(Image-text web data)
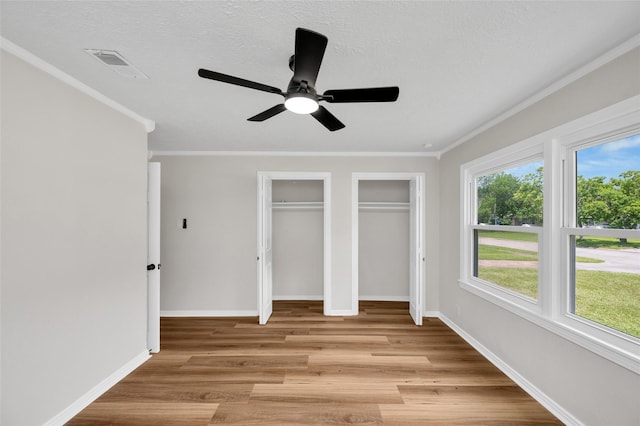 409 24th Ave N, Texas City, TX 77590 - unfurnished bedroom with two closets, light wood-style flooring, crown molding, and ceiling fan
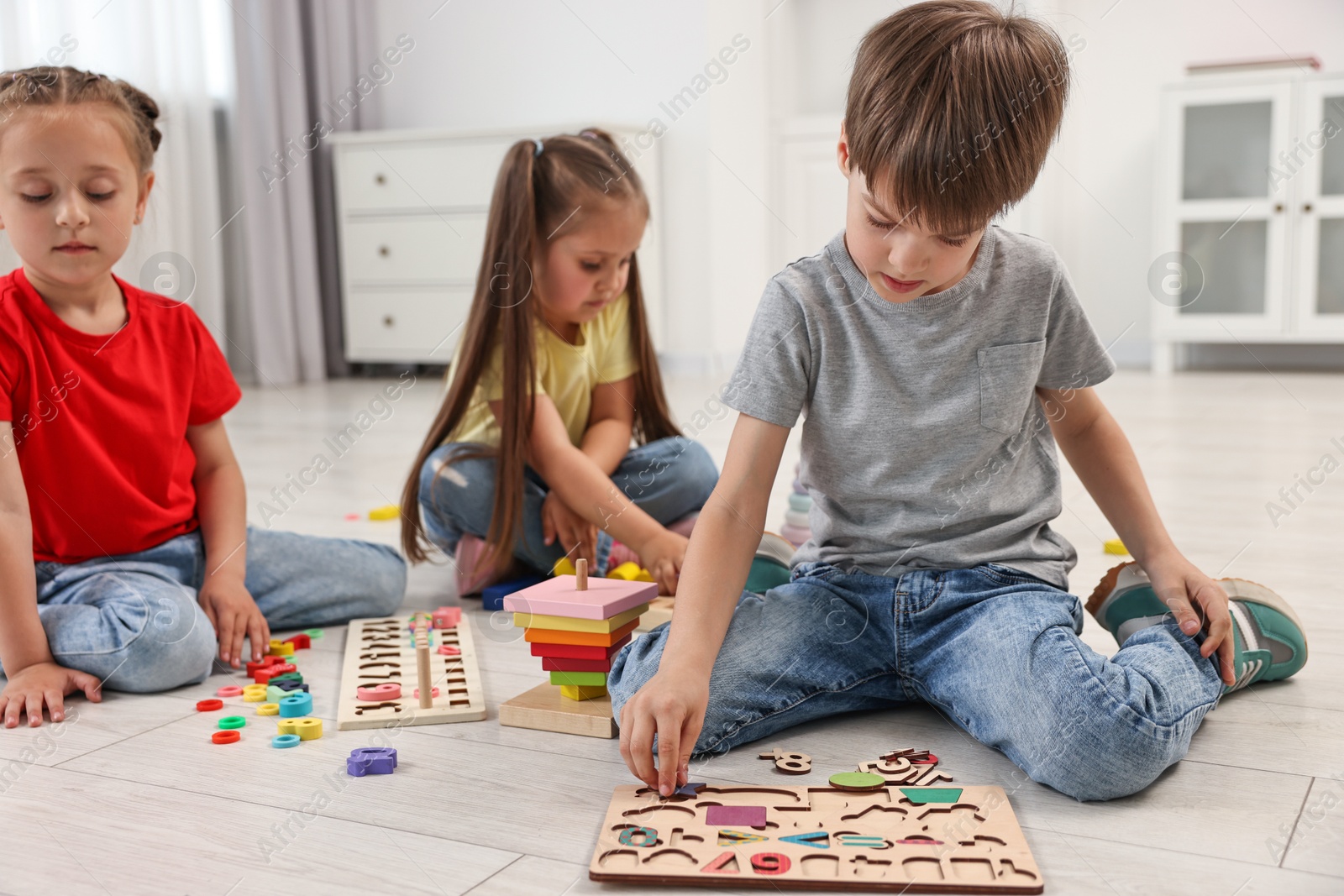 Photo of Cute little children playing together on floor indoors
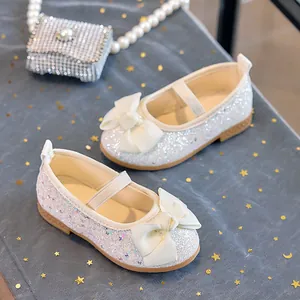 Detail of white sequin Mary Jane shoes with satin bow and elastic strap for girls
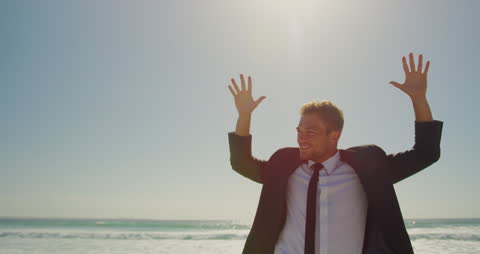 Joyful Businessman Dancing on Sunny Beach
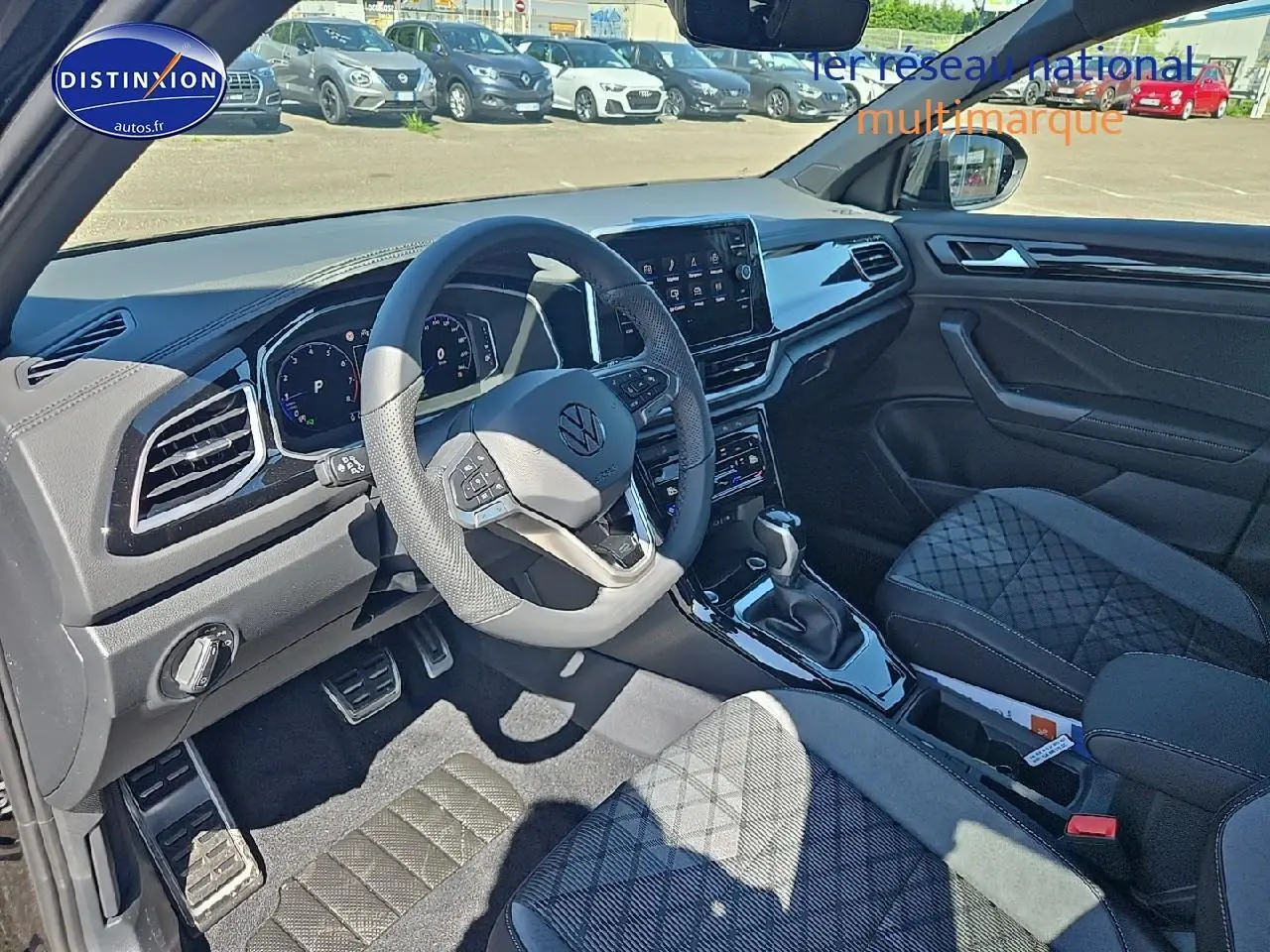 Intérieur noir du Volkswagen T-Roc 2025, vue côté conducteur avec volant cuir multifonction et console centrale moderne.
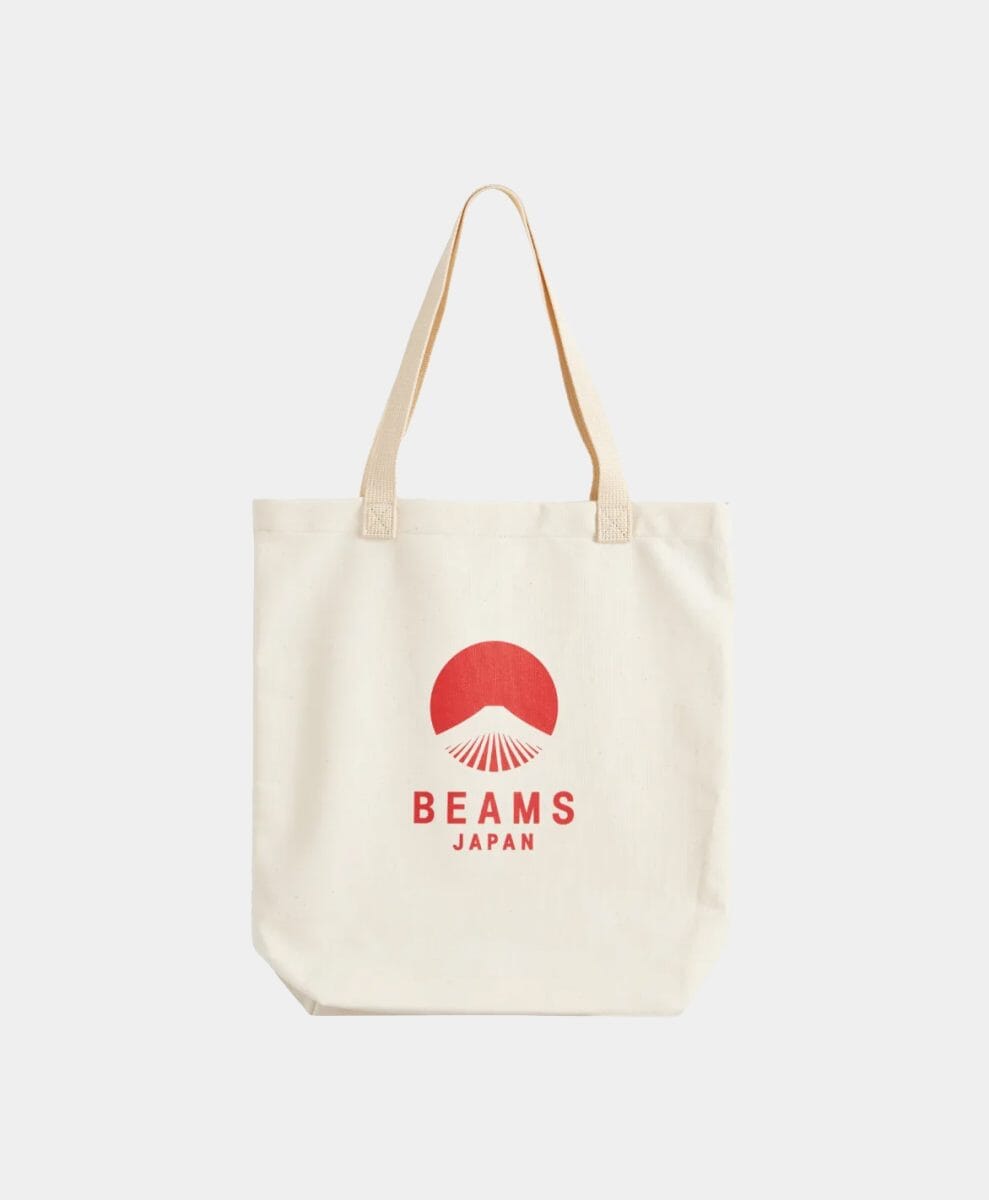 Cream-colored canvas tote bag featuring a red BEAMS JAPAN mountain logo.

WORK ORDER: Could you output all the entries above exactly as written, leaving out the pictures?

PROBLEM SOLUTION:
 409 24th Ave N, Texas City, TX 77590 - unfurnished bedroom with two closets, light wood-style flooring, crown molding, and ceiling fan
 Photo of Cute little children playing together on floor indoors
 Detail of white sequin Mary Jane shoes with satin bow and elastic strap for girls
 Joyful Businessman Dancing on Sunny Beach
 Intérieur noir du Volkswagen T-Roc 2025, vue côté conducteur avec volant cuir multifonction et console centrale moderne.
 Cream-colored canvas tote bag featuring a red BEAMS JAPAN mountain logo.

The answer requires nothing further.